The results? Impressive. Heat output was measured both before and after the upgrade, and the data told a clear story. Despite the boiler having a nominal flow temp of 80C, average flow temps during the coldest months were around 51C, already within heat pump territory. Once the system was switched over, a weather compensation curve was used to run the heat pump at 35C flow when it was 15C outside, and 52C at -2C, exactly as a properly designed low-temperature system should operate.

This wasn’t theoretical. It worked in a 1930s house. With existing pipework and radiators. Without any of the catastrophic inefficiencies we’re led to believe are inevitable.

The Real Problem: Misinformation and Poor Design

What causes inefficiency is poor design and installation, not the age or construction of the building. Oversized units, poorly balanced radiators, unnecessary buffers, cycling systems and installers who don’t understand low flow temperatures… these are the real culprits. And unfortunately, they’re everywhere, something Mr Shapps could have learned by spending ten minutes browsing the Renewable Heating Hub forums.

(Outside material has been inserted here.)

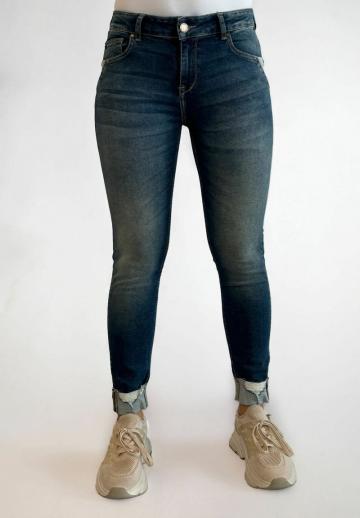 Узкие джинсы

The idea that “the technology works brilliantly in the right setting” might sound reasonable, but it’s dangerously vague. What is the right setting? According to Shapps, it’s clearly not a typical British home. So by implication, most people should wait. That message (coming from someone in his former position) undermines the progress many good installers and informed homeowners are making every day.

What Shapps Could Have Said

Instead of trotting out tired myths, Shapps could have used his platform to say like: “My house isn’t straightforward (like many in the UK) but we’re exploring how a heat pump could work here, and I’ll share what we learn.”

That would have shown leadership. That would have given people confidence. That would have sent a signal that complexity is not the enemy of progress… it’s just something to design around. But no. We got the shopping trolley metaphor instead.

If you’re reading this and you live in an older, solid-wall property, don’t be put off. Get a proper room-by-room heat loss calculation, work with a reputable installer and don’t let someone else’s lack of imagination become your barrier to progress.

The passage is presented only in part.